Physician-assisted suicide is now legal in Oregon, Washington, Vermont, Montana and New Mexico. It is under consideration in 13 other states. Along the way, the terminology has moved from “physician-assisted suicide” (PAS) to “physician aid in dying” (PAD). “Suicide” has traditionally conjured up a vision of premature death prompted by despair, impaired judgment and the like. As a result, several professional organizations have objected to the use of the term “suicide,” articulating that this word does not describe those opting to exert control over their end of life under the laws allowing this deliberate choice.

I argue that the true paradigm for physician aid in dying is palliative care, and that physician-assisted suicide is just that- suicide. Palliative care reflects and delivers on the Hippocratic Oath, among the oldest binding documents in history. For those who are terminally ill, it is “physician aid in dying” in its purest sense. Palliative specialists do not send patients on their way with lethal medication which- if following legal requirements- must be self-administered. Palliative specialists do not ask patients to respond to their condition alone; palliative care is patient-centered and collaborative.

Palliative care is specialized medical care for those with serious illnesses. It focuses on providing patients with relief from symptoms and stress of serious illness, and it is not restricted to those with diagnoses of six months or less to live. Its goal is to improve the quality of life for both the patient and his or her family.
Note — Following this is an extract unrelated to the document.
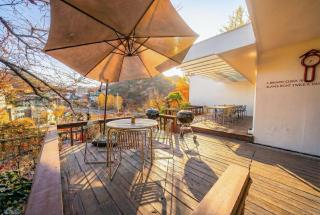 BS Urban Retreat Garden and Spa near Gyeongbokgung - 9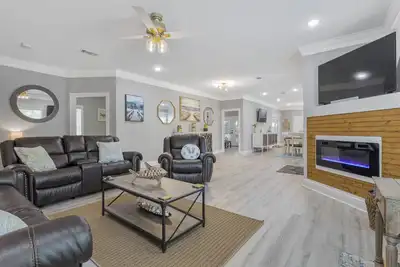 Image de Beautiful new home just mins to the beach, aquarium, Buc-Ees, and Downtown!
Palliative care includes a multidisciplinary team of doctors, nurses and others who work together with other providers to provide an extra layer of support to meet personal goals and goals of care, assuring that pain is always managed. A patient is not required to forego curative treatments to receive palliative care; palliative services maintain patient autonomy and control over individual destiny but they do not include killing oneself.

Surveys indicate that 91 percent of those opting for assisted suicide do so to gain control; only 30 percent choose this route due to pain. My earlier article, Is Autonomy All We Really Want?, explores “the space between,” the dialogical encounter and the isolating, frightening aspects of autonomy. A high quality palliative care team can mitigate that aloneness by accompanying patients shoulder to shoulder, respecting their autonomy and goals while providing warmth, sympathy and understanding. Not only do patients benefit from a higher quality of life, but physicians stay true their vow to “avoid…traps…of therapeutic nihilism.”

I argue that the true paradigm for physician aid in dying is palliative care, and that physician-assisted suicide is just that- suicide.

Words matter. Physician-assisted suicide is equivalent to the facilitation of killing. There is no other way to characterize the act. Physician aid in dying in the context of palliative care supports the chronically ill and dying in a respectful, professionally honored tradition. As Leon Kass, physician and Hertog Fellow at the American Enterprise Institute, states:

In forswearing the giving of poison when asked for it, the Hippocratic   physician rejects the view that patient’s choice for death can make killing him right…the deepest ethical principle restraining the physician’s power is…the dignity and mysterious power of human life itself. A person can choose to be a physician but cannot choose what physicianship means.